Hoppe shares possible outcomes under DOG budget, asks faculty and staff to “be part of the solution”

4/1/2002
April 1, 2002

Outlining possible cuts if the Downsizing Our Government (DOG) is enacted, Dr. Sherry Hoppe on Tuesday pledged administration's commitment to "do the best we can to engage as many people as we can to generate the best dialogue possible" as the University faces one of the biggest challenges in its 75-year history.

"We are in an untenable situation," Hoppe said at the 4 p.m. meeting. "But that doesn't mean we can't overcome."

Hoppe outlined three possible financial scenarios for the University: implementation of the DOG budget, a continuation of the current budget and "more than the DOG budget but less than the continuation budget."

Should the DOG budget be enacted, the University would face a $5.3 million shortfall, she said. She then outlined how the University might prepare itself for the shortage: cuts in athletics, unpaid one-day-per-month furloughs by professional staff, administrative cuts or reassignments, the elimination of seven tenure-track faculty and reductions in faculty reassigned time. The cuts outlined would create a total savings of $2.8 million.

The proposed cuts are merely that, Hoppe emphasized. "These numbers have not been finalized."

Additional cuts that could be made under the DOG budget include a $58,000 cut in library funding, as well as cuts in operating expenses.

Tuition increases also might become part of the solution, though Hoppe says the Tennessee Board of Regents is "reluctant to put shortages of the DOG budget on the backs of students."

And fee increases alone would not solve the University's problems. A 15 percent increase in fees would "still not be enough" to offset the DOG budget-imposed cuts, she said.

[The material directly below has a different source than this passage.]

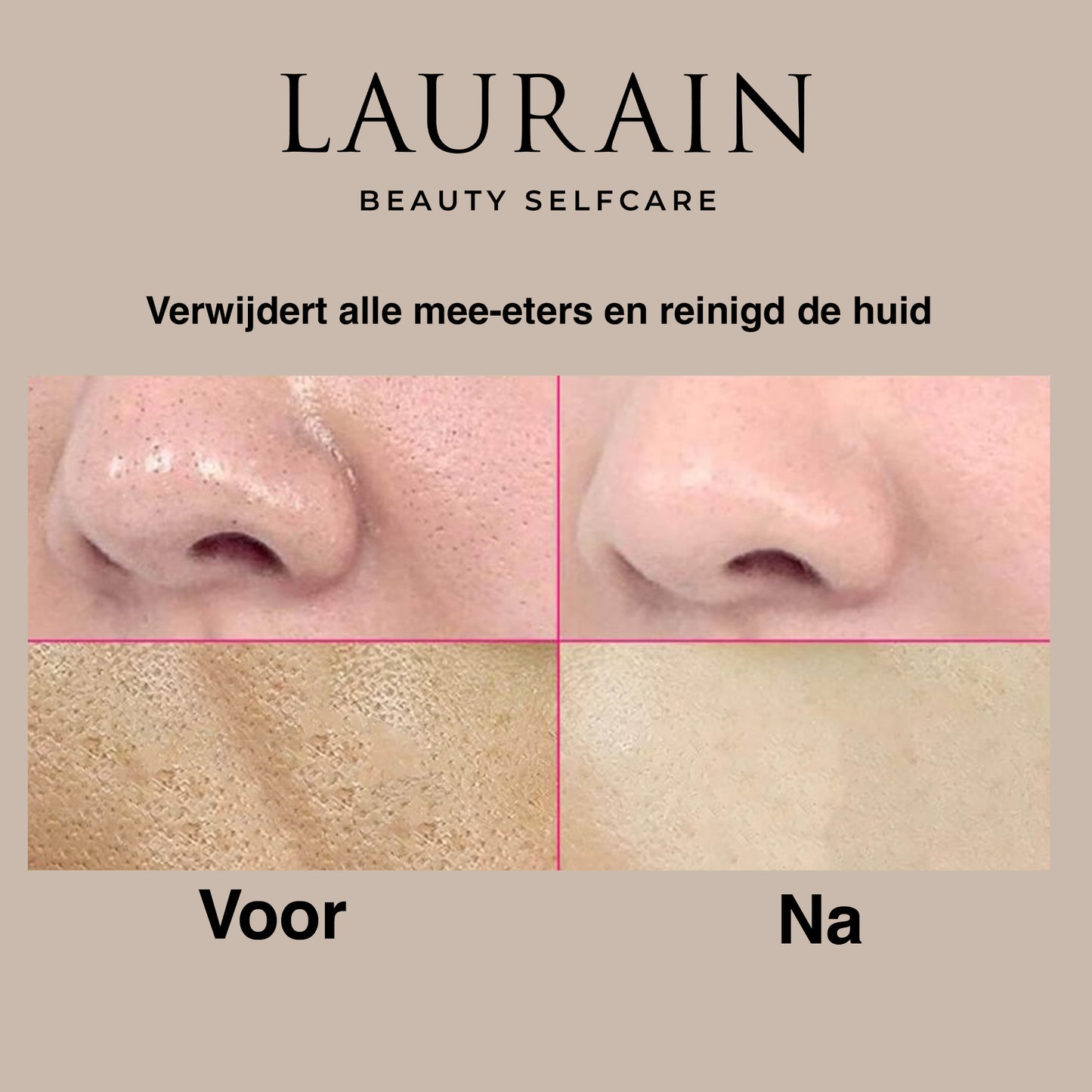 DeepClean Skin Scrubber - By Laurain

Any cuts in faculty would be based on the level of student credit hour production as well as the availability of adjuncts in a particular discipline. "Some are more readily available than others," Hoppe says. Department chairs will be asked for their input. Then, as quickly as possible, reappointment letters will be released-"no early than early May."

Decisions about staff cuts would be based on the number of students served, outcomes achieved, transferability of the function and whether the work is essential to the University's mission or an enhancement of it.

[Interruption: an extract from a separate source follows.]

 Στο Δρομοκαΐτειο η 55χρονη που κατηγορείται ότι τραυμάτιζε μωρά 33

Dr. Dewey Browder, professor of history and chair of the department of history and philosophy, voiced concern that "we're talking about letting faculty go but keeping adjuncts. I think we need to honor our first-year contracts."

Dr. Hoppe responded by saying that the state's funding formula requires a certain level of adjuncts. She expressed hope that no faculty would be let go. "But if we get to the point of saying 'We can retain a $50,000-a-year faculty or we can provide certain classes for students who need them,' our responsibility first and foremost is to provide classes."

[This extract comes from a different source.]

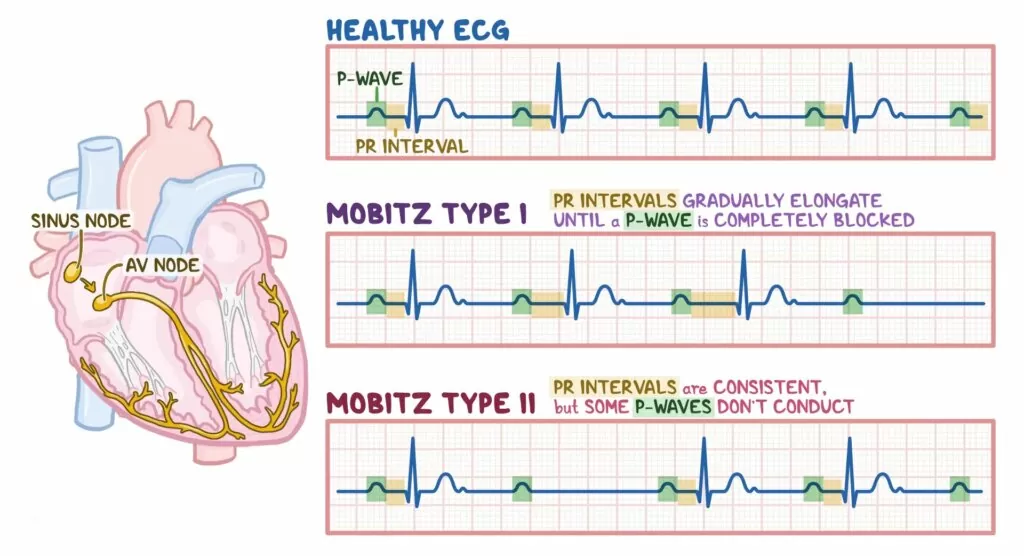 Second Degree Heart Block How Heart Starts Skipping Beats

Hoppe said that searches to fill open positions will continue to the point of interviews, provided the University doesn't have to pay travel expenses. "We've been very candid with applicants, letting them know about our situation."

Dr. Bruce Speck, who admitted he is "less optimistic about the University's future than Dr. Hoppe," said, "We're in the position of trying to run the University when we don't know what our budget is…But we can't just shut down."

"You have demonstrated that you are resilient," Hoppe said in closing. "I ask you to reach into the depths of your being and draw upon the strength I know you have. We need your help.

"I know this isn't fair. But it is what we have been dealt. By working together, we can reduce the hurt, reduce the impact.

"We're all in this together. We're all in the same boat. I hope that when it's over, we're all still in the boat and we're all still paddling. We need your ideas, your flexibility. Ultimately, we're in the business of changing lives. We can do that better by working together."